There is a typo on these lines:

这些行有一个错字:

file.write(pp.pformat(form))

Should be:

应该:

outfile.write(pp.pformat(form))

回答by dvska

Python 3.6+:

Python 3.6+:

pip install PyPDF2

pip install PyPDF2

# -*- coding: utf-8 -*-

from collections import OrderedDict
from PyPDF2 import PdfFileWriter, PdfFileReader


def _getFields(obj, tree=None, retval=None, fileobj=None):
    """
    Extracts field data if this PDF contains interactive form fields.
    The *tree* and *retval* parameters are for recursive use.

    :param fileobj: A file object (usually a text file) to write
        a report to on all interactive form fields found.
    :return: A dictionary where each key is a field name, and each
        value is a :class:`Field<PyPDF2.generic.Field>` object. By
        default, the mapping name is used for keys.
    :rtype: dict, or ``None`` if form data could not be located.
    """
    fieldAttributes = {'/FT': 'Field Type', '/Parent': 'Parent', '/T': 'Field Name', '/TU': 'Alternate Field Name',
                       '/TM': 'Mapping Name', '/Ff': 'Field Flags', '/V': 'Value', '/DV': 'Default Value'}
    if retval is None:
        retval = OrderedDict()
        catalog = obj.trailer["/Root"]
        # get the AcroForm tree
        if "/AcroForm" in catalog:
            tree = catalog["/AcroForm"]
        else:
            return None
    if tree is None:
        return retval

    obj._checkKids(tree, retval, fileobj)
    for attr in fieldAttributes:
        if attr in tree:
            # Tree is a field
            obj._buildField(tree, retval, fileobj, fieldAttributes)
            break

    if "/Fields" in tree:
        fields = tree["/Fields"]
        for f in fields:
            field = f.getObject()
            obj._buildField(field, retval, fileobj, fieldAttributes)

    return retval


def get_form_fields(infile):
    infile = PdfFileReader(open(infile, 'rb'))
    fields = _getFields(infile)
    return OrderedDict((k, v.get('/V', '')) for k, v in fields.items())

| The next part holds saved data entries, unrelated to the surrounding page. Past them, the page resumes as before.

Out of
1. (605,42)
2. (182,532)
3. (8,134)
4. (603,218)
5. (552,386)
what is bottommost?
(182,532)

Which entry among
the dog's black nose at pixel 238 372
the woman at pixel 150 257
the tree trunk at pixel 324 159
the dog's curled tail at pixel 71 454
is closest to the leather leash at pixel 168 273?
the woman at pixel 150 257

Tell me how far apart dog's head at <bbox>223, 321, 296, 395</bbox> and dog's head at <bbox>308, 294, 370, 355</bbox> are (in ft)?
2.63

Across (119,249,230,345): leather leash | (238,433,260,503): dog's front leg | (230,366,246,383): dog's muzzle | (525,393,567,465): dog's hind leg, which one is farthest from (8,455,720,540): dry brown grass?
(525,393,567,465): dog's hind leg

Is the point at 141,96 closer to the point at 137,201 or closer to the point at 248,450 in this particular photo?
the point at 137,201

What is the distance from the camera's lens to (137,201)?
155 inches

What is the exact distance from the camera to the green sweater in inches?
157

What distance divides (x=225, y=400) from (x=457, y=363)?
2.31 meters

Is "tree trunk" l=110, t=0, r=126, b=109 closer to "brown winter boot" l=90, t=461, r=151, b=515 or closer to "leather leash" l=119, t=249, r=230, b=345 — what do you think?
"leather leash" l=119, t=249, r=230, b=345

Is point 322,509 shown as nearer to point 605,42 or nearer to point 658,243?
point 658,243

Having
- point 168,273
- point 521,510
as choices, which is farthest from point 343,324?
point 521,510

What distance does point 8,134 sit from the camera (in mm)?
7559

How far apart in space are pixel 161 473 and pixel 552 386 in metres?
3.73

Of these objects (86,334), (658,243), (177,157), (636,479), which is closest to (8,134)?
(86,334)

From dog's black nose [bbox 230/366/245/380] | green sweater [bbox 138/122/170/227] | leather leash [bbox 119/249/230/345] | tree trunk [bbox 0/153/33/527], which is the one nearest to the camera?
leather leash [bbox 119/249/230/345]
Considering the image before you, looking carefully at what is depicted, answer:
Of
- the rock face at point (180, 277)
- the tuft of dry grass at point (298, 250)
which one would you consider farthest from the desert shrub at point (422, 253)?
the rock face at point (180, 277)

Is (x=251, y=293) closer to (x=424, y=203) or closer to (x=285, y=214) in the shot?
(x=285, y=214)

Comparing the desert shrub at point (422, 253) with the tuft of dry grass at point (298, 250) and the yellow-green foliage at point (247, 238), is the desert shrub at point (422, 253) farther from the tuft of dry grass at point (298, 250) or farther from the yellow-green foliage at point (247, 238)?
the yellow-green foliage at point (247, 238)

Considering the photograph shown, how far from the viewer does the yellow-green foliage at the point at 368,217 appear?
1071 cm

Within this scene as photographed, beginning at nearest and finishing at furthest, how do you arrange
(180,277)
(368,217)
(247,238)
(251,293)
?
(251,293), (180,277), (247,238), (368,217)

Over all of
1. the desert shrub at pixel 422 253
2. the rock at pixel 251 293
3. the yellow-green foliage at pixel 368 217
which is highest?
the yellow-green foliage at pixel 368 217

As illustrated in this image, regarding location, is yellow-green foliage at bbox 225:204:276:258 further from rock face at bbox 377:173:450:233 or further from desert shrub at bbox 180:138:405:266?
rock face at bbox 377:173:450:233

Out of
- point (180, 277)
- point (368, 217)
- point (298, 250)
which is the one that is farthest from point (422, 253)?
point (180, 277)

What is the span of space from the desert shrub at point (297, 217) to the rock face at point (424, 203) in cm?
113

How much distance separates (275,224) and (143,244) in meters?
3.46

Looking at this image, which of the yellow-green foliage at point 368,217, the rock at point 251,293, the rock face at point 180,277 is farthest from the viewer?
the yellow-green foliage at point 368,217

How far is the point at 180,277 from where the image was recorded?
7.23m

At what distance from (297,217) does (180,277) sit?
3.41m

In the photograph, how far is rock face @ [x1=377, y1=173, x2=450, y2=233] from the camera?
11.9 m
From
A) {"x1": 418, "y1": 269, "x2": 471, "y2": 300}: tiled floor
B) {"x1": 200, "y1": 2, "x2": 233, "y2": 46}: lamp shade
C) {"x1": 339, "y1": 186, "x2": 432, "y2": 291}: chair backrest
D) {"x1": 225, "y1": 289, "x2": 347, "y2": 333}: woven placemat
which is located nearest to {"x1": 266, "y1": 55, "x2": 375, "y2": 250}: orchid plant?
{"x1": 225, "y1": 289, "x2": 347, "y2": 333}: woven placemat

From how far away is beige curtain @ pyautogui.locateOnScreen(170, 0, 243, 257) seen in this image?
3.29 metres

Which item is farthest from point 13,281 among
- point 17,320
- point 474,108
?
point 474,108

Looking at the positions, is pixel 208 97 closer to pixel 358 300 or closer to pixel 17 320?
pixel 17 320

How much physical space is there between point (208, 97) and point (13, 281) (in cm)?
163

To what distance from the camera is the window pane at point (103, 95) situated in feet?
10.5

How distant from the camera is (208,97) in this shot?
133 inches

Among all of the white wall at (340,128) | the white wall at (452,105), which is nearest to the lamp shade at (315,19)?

if __name__ == '__main__':
    from pprint import pprint

    pdf_file_name = 'FormExample.pdf'

    pprint(get_form_fields(pdf_file_name))

回答by equaeghe

The Python PyPDF2package (successor to pyPdf) is very convenient:

Python PyPDF2包(pyPdf 的继承者)非常方便:

import PyPDF2
f = PyPDF2.PdfFileReader('form.pdf')
ff = f.getFields()

Then ffis a dictthat contains all the relevant form information.

然后ffdict包含所有相关表单信息的一个。